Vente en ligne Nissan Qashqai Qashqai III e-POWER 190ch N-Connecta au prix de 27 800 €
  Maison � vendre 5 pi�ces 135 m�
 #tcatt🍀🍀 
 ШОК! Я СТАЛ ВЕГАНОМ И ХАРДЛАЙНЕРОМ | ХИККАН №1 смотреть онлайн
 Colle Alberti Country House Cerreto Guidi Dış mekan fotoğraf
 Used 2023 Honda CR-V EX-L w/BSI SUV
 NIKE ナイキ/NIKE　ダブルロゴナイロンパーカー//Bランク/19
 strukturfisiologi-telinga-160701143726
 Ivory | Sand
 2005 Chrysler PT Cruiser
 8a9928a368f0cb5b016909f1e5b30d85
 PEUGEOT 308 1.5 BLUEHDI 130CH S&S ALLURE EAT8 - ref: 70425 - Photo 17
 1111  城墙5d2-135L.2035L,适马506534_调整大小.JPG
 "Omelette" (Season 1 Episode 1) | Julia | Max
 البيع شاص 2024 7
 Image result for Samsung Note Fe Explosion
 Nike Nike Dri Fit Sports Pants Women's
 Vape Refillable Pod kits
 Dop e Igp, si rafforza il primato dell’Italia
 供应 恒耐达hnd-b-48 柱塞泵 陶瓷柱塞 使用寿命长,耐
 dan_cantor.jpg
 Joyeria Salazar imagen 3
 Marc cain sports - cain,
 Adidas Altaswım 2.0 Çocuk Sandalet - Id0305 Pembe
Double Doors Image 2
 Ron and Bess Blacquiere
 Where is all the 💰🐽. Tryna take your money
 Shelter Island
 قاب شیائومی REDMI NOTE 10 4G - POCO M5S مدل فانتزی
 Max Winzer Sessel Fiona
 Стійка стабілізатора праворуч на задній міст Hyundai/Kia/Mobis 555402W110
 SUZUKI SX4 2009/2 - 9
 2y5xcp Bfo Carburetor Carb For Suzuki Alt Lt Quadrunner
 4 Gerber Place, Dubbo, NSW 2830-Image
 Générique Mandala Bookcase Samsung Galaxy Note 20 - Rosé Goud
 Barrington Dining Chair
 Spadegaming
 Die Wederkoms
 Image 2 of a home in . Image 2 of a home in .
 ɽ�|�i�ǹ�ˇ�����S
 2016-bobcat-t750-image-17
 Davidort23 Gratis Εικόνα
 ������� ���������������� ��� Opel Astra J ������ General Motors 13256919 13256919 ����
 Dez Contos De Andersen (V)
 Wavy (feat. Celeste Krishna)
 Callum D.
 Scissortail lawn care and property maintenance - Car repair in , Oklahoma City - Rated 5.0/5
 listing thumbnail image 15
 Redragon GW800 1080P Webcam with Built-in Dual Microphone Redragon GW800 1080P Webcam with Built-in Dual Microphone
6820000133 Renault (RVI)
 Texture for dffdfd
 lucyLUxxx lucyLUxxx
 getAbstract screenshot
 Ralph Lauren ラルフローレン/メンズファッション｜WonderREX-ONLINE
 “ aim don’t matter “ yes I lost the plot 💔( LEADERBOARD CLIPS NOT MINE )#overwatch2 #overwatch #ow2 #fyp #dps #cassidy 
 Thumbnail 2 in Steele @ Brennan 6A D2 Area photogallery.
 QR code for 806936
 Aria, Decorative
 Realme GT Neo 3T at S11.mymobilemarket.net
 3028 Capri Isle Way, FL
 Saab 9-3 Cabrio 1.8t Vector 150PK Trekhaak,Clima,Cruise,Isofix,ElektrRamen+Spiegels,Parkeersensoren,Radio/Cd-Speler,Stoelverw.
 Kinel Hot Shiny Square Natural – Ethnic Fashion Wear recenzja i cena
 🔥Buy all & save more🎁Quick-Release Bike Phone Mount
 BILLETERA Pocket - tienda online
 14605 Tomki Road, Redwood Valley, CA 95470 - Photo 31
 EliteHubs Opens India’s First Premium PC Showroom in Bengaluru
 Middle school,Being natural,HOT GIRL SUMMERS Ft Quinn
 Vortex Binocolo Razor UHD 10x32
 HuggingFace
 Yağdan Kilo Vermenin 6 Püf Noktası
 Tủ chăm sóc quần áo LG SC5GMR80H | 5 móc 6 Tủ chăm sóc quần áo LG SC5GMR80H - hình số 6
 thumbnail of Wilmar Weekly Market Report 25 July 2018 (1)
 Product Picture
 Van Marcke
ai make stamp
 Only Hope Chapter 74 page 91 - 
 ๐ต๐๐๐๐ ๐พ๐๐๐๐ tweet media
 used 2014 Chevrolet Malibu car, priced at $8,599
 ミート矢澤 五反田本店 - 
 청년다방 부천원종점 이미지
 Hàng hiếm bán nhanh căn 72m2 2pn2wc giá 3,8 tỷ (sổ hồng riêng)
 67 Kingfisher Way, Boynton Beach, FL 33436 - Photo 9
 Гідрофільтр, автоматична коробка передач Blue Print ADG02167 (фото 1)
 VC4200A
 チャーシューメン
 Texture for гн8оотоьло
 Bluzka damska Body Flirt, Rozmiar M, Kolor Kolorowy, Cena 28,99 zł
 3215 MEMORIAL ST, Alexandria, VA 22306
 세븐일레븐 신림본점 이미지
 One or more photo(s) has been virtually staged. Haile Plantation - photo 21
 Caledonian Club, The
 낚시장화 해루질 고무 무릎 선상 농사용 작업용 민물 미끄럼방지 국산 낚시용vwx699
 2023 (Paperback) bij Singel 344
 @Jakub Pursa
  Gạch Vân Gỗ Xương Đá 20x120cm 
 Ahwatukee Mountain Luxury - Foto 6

■ **WHAT YOU ARE ASKED TO DO**
Give back every line of the data above exactly as written.

■ **REPLY**
Vente en ligne Nissan Qashqai Qashqai III e-POWER 190ch N-Connecta au prix de 27 800 €
  Maison � vendre 5 pi�ces 135 m�
 #tcatt🍀🍀 
 ШОК! Я СТАЛ ВЕГАНОМ И ХАРДЛАЙНЕРОМ | ХИККАН №1 смотреть онлайн
 Colle Alberti Country House Cerreto Guidi Dış mekan fotoğraf
 Used 2023 Honda CR-V EX-L w/BSI SUV
 NIKE ナイキ/NIKE　ダブルロゴナイロンパーカー//Bランク/19
 strukturfisiologi-telinga-160701143726
 Ivory | Sand
 2005 Chrysler PT Cruiser
 8a9928a368f0cb5b016909f1e5b30d85
 PEUGEOT 308 1.5 BLUEHDI 130CH S&S ALLURE EAT8 - ref: 70425 - Photo 17
 1111  城墙5d2-135L.2035L,适马506534_调整大小.JPG
 "Omelette" (Season 1 Episode 1) | Julia | Max
 البيع شاص 2024 7
 Image result for Samsung Note Fe Explosion
 Nike Nike Dri Fit Sports Pants Women's
 Vape Refillable Pod kits
 Dop e Igp, si rafforza il primato dell’Italia
 供应 恒耐达hnd-b-48 柱塞泵 陶瓷柱塞 使用寿命长,耐
 dan_cantor.jpg
 Joyeria Salazar imagen 3
 Marc cain sports - cain,
 Adidas Altaswım 2.0 Çocuk Sandalet - Id0305 Pembe
Double Doors Image 2
 Ron and Bess Blacquiere
 Where is all the 💰🐽. Tryna take your money
 Shelter Island
 قاب شیائومی REDMI NOTE 10 4G - POCO M5S مدل فانتزی
 Max Winzer Sessel Fiona
 Стійка стабілізатора праворуч на задній міст Hyundai/Kia/Mobis 555402W110
 SUZUKI SX4 2009/2 - 9
 2y5xcp Bfo Carburetor Carb For Suzuki Alt Lt Quadrunner
 4 Gerber Place, Dubbo, NSW 2830-Image
 Générique Mandala Bookcase Samsung Galaxy Note 20 - Rosé Goud
 Barrington Dining Chair
 Spadegaming
 Die Wederkoms
 Image 2 of a home in . Image 2 of a home in .
 ɽ�|�i�ǹ�ˇ�����S
 2016-bobcat-t750-image-17
 Davidort23 Gratis Εικόνα
 ������� ���������������� ��� Opel Astra J ������ General Motors 13256919 13256919 ����
 Dez Contos De Andersen (V)
 Wavy (feat. Celeste Krishna)
 Callum D.
 Scissortail lawn care and property maintenance - Car repair in , Oklahoma City - Rated 5.0/5
 listing thumbnail image 15
 Redragon GW800 1080P Webcam with Built-in Dual Microphone Redragon GW800 1080P Webcam with Built-in Dual Microphone
6820000133 Renault (RVI)
 Texture for dffdfd
 lucyLUxxx lucyLUxxx
 getAbstract screenshot
 Ralph Lauren ラルフローレン/メンズファッション｜WonderREX-ONLINE
 “ aim don’t matter “ yes I lost the plot 💔( LEADERBOARD CLIPS NOT MINE )#overwatch2 #overwatch #ow2 #fyp #dps #cassidy 
 Thumbnail 2 in Steele @ Brennan 6A D2 Area photogallery.
 QR code for 806936
 Aria, Decorative
 Realme GT Neo 3T at S11.mymobilemarket.net
 3028 Capri Isle Way, FL
 Saab 9-3 Cabrio 1.8t Vector 150PK Trekhaak,Clima,Cruise,Isofix,ElektrRamen+Spiegels,Parkeersensoren,Radio/Cd-Speler,Stoelverw.
 Kinel Hot Shiny Square Natural – Ethnic Fashion Wear recenzja i cena
 🔥Buy all & save more🎁Quick-Release Bike Phone Mount
 BILLETERA Pocket - tienda online
 14605 Tomki Road, Redwood Valley, CA 95470 - Photo 31
 EliteHubs Opens India’s First Premium PC Showroom in Bengaluru
 Middle school,Being natural,HOT GIRL SUMMERS Ft Quinn
 Vortex Binocolo Razor UHD 10x32
 HuggingFace
 Yağdan Kilo Vermenin 6 Püf Noktası
 Tủ chăm sóc quần áo LG SC5GMR80H | 5 móc 6 Tủ chăm sóc quần áo LG SC5GMR80H - hình số 6
 thumbnail of Wilmar Weekly Market Report 25 July 2018 (1)
 Product Picture
 Van Marcke
ai make stamp
 Only Hope Chapter 74 page 91 - 
 ๐ต๐๐๐๐ ๐พ๐๐๐๐ tweet media
 used 2014 Chevrolet Malibu car, priced at $8,599
 ミート矢澤 五反田本店 - 
 청년다방 부천원종점 이미지
 Hàng hiếm bán nhanh căn 72m2 2pn2wc giá 3,8 tỷ (sổ hồng riêng)
 67 Kingfisher Way, Boynton Beach, FL 33436 - Photo 9
 Гідрофільтр, автоматична коробка передач Blue Print ADG02167 (фото 1)
 VC4200A
 チャーシューメン
 Texture for гн8оотоьло
 Bluzka damska Body Flirt, Rozmiar M, Kolor Kolorowy, Cena 28,99 zł
 3215 MEMORIAL ST, Alexandria, VA 22306
 세븐일레븐 신림본점 이미지
 One or more photo(s) has been virtually staged. Haile Plantation - photo 21
 Caledonian Club, The
 낚시장화 해루질 고무 무릎 선상 농사용 작업용 민물 미끄럼방지 국산 낚시용vwx699
 2023 (Paperback) bij Singel 344
 @Jakub Pursa
  Gạch Vân Gỗ Xương Đá 20x120cm 
 Ahwatukee Mountain Luxury - Foto 6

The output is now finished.